Mardy, jipo, angga, dan tian memulai pendakian di hari kedua, kami
menganjurkan memulai pendakian lebih cepat misalnya jam 11 supaya sampai di puncak pas sunrise. Mereka
berempat juga berhasil menggapai puncak tepat pukul 06.00. walaupun berbeda hari, kami bersembilan, berhasil sampai puncak.

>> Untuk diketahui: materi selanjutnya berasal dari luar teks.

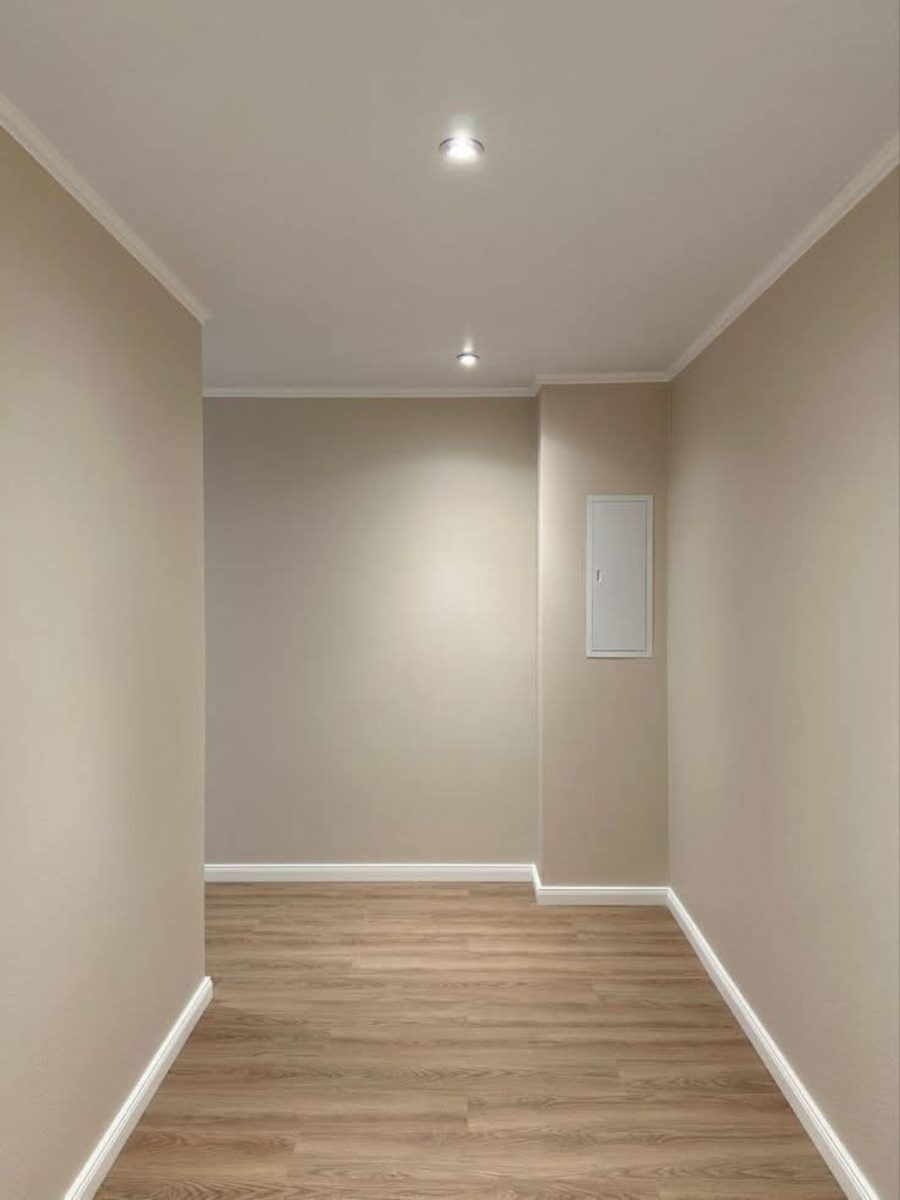 Couloir peint en beige et taupe à parquet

team muncak pertama + angga si gondrong di belakang |
Kami team muncak pertama turun terlebih dahulu ke Ranukumbolo. Malam
terakhir kami habiskan di Ranukumbolo, ditutup dengan cerita hantu tentang
mistisnya gunung argopuro bersama tetangga tenda yang membuat ricard sakit
kepala dan sulit tidur.
tak ada sunrise begitu indah yang dikatakan orang, hanya ada kabut tebal.. |
Sayangnya, tak ada sunrise yang begitu indah di Ranu kumbolo
tertutup kabut tebal, tapi itu tak pernah kalah dengan kebersamaan dan pengalaman
yang kami dapatkan.
lagi nongkrong, trus komentarin pendaki lain yang lagi lewat :" |
fuull team, btw itu bingung juga kenapa aku angkat kaki :" (ki-ka ; ricard, bang oci, tian, sakti, jipo, jacklyn, mardy, reno, angga) |
Tepat pukul 11.00 kami meninggalkan Ranukumbolo menuju Ranupani
dengan berbekal cerita yang tak aka pernah habis, pengalaman luar biasa yang tak akan pernah terlupakan. Terima kasih Tuhan mengizinkan kami melihat, sedikit surga yang kau titipkan di kepingan alam bernama Gunung Semeru.